As the answer, set down the lines below from the one containing "A Phone With" through the one containing "White garden-inspired floral", exactly and inclusively, and no others.

(Given data begins)

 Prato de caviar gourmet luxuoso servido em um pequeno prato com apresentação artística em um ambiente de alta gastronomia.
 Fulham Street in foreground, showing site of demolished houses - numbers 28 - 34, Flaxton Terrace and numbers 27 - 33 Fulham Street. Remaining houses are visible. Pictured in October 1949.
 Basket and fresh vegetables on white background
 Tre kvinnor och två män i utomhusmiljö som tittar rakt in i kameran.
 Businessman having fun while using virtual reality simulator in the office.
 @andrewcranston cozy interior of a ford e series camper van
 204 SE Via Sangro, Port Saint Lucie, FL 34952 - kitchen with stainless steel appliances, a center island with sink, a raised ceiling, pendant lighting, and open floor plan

(Given data ends)
(Given data begins)

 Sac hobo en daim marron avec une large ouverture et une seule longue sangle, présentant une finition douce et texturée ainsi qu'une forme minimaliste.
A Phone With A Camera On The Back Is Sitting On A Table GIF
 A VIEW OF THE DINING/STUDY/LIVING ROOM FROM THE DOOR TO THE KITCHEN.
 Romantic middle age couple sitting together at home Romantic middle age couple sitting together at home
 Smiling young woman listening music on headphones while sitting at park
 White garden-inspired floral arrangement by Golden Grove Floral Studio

(Given data ends)

__Answer to this problem__.
A Phone With A Camera On The Back Is Sitting On A Table GIF
 A VIEW OF THE DINING/STUDY/LIVING ROOM FROM THE DOOR TO THE KITCHEN.
 Romantic middle age couple sitting together at home Romantic middle age couple sitting together at home
 Smiling young woman listening music on headphones while sitting at park
 White garden-inspired floral arrangement by Golden Grove Floral Studio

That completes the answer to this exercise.